-- Input follows --

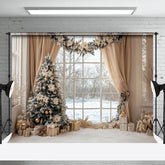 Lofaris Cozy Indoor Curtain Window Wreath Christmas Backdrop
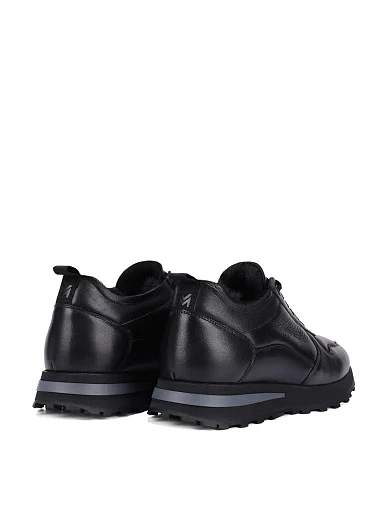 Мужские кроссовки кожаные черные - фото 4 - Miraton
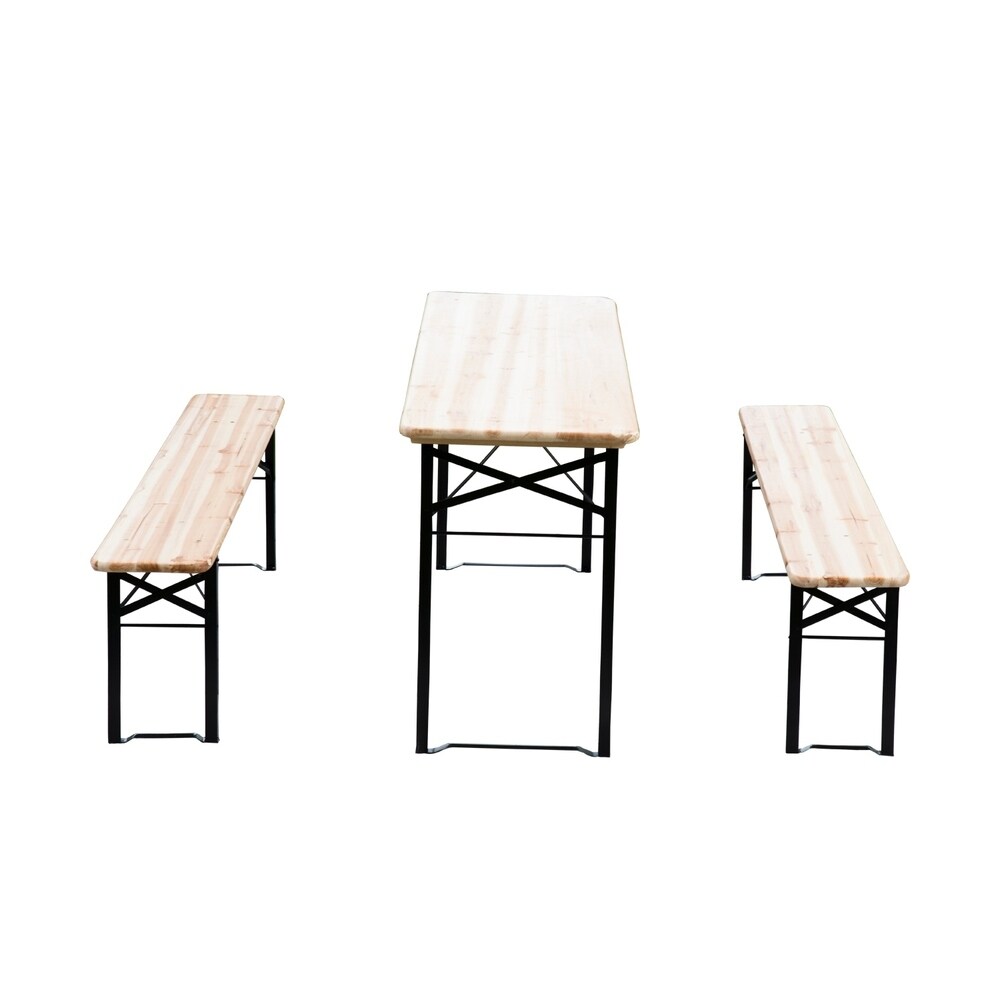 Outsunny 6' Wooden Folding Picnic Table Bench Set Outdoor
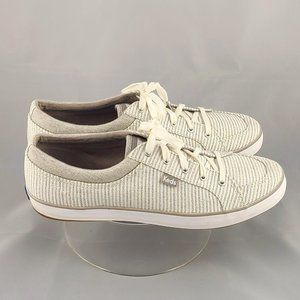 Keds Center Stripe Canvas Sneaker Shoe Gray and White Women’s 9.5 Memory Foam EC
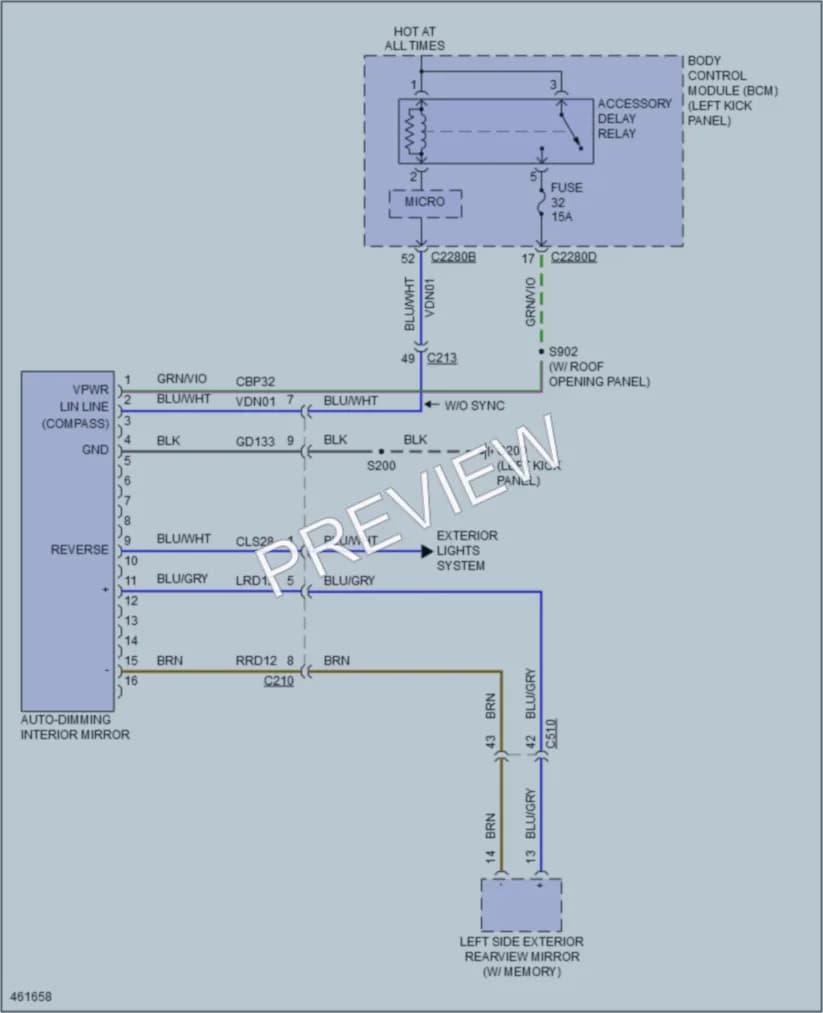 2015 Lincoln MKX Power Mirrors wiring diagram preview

-- Input concluded --
-- Input follows --

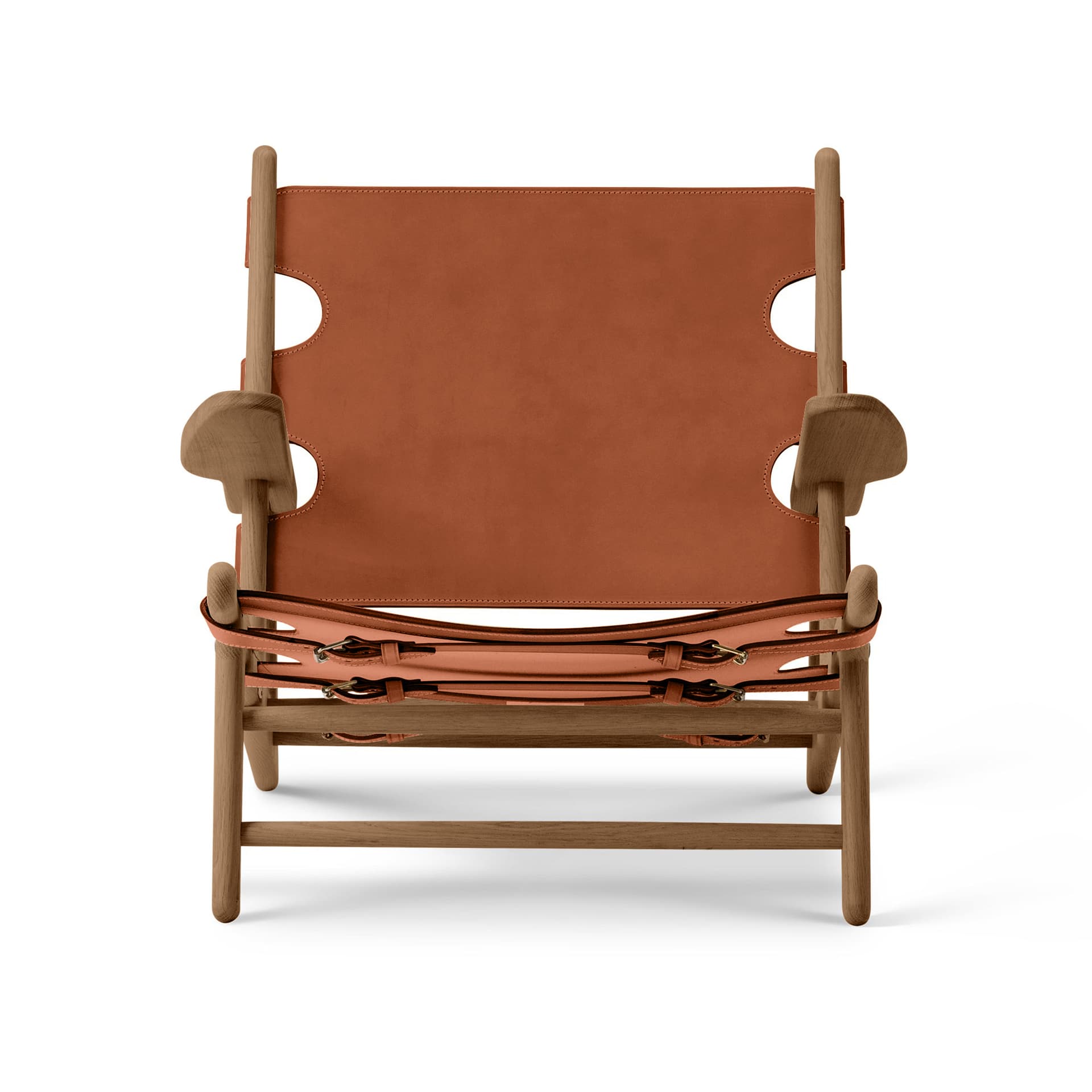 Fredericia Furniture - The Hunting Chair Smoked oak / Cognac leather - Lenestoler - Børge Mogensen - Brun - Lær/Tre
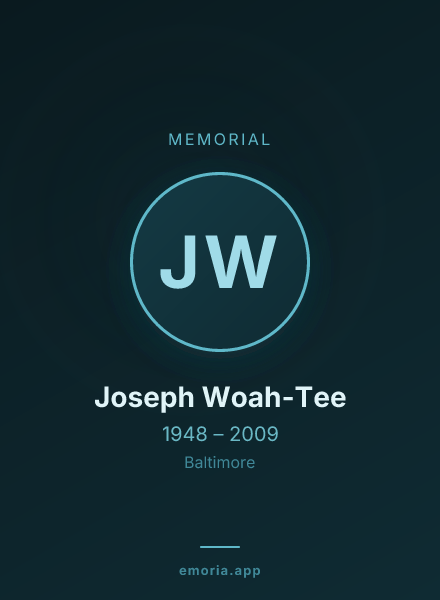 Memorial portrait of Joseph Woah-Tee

-- Input concluded --

◆ The problem
Copy word for word the span of the records above that begins at the line with "Keds Center Stripe" and ends at the line with "2015 Lincoln MKX", including those two lines but not the pictures.

◆ Answer box
 Keds Center Stripe Canvas Sneaker Shoe Gray and White Women’s 9.5 Memory Foam EC
 2015 Lincoln MKX Power Mirrors wiring diagram preview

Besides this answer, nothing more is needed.